Repeat the lines below exactly as written, please, from the line with "Cosmos flower in field" to the line with "Vérin de hayon, de", both lines included, and no others.

The input section start

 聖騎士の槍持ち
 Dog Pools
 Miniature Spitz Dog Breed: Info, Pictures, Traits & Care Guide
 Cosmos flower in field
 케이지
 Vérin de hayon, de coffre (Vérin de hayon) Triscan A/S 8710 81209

The input section end
The input section start

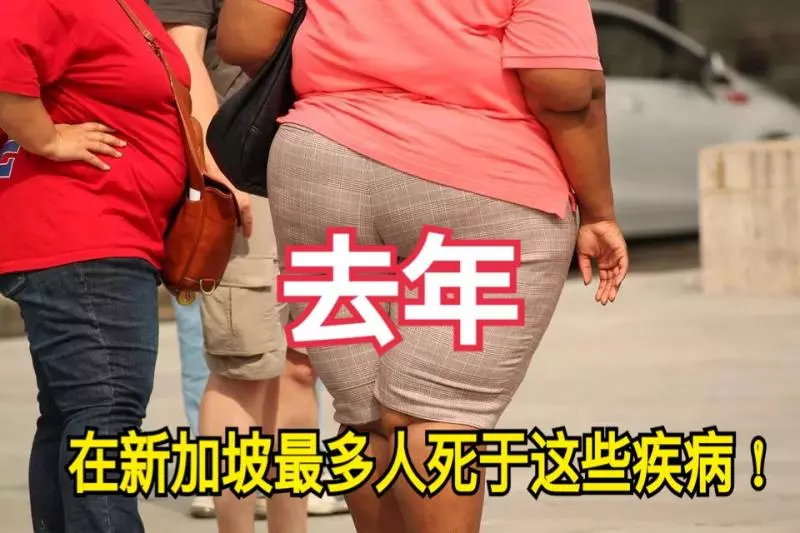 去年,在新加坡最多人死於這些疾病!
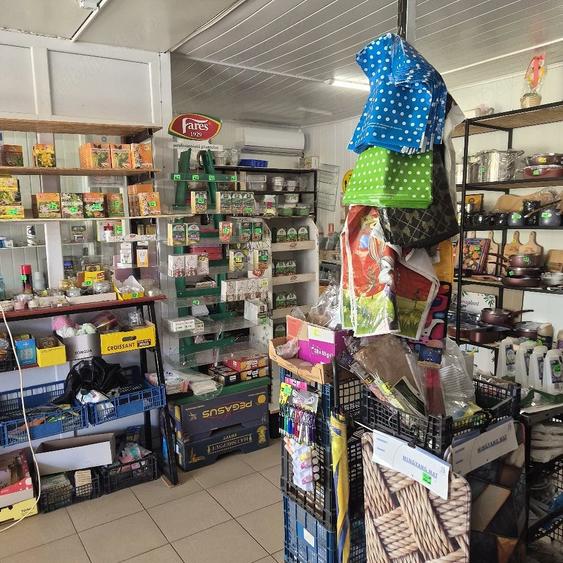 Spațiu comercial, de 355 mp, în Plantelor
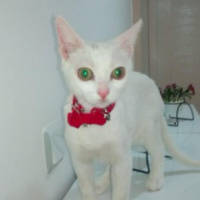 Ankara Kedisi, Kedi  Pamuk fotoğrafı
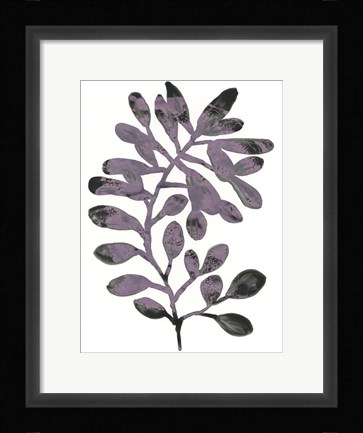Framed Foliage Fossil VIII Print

The input section end
The input section start

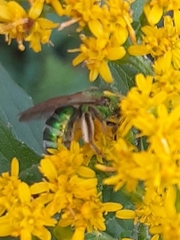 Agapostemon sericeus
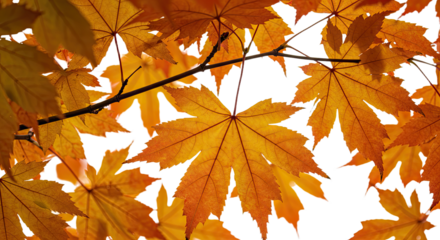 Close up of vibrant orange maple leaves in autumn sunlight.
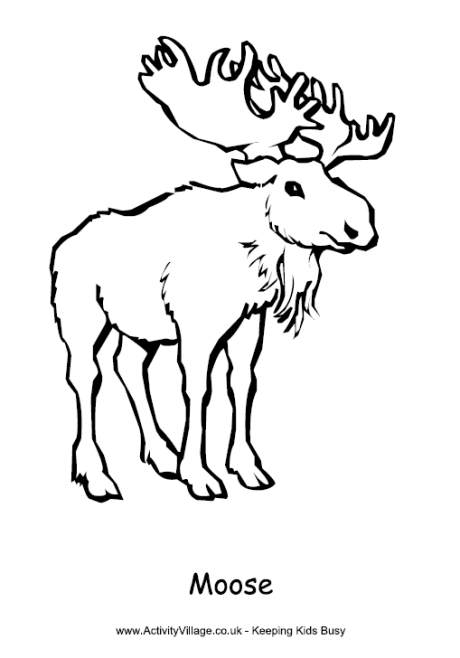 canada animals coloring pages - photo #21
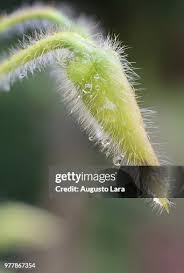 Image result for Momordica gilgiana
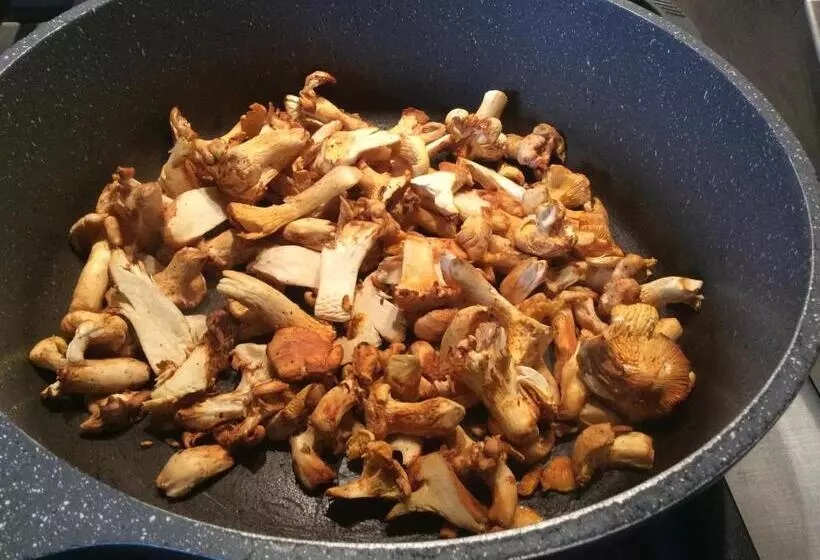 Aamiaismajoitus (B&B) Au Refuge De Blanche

The input section end

Answer box:
 Cosmos flower in field
 케이지
 Vérin de hayon, de coffre (Vérin de hayon) Triscan A/S 8710 81209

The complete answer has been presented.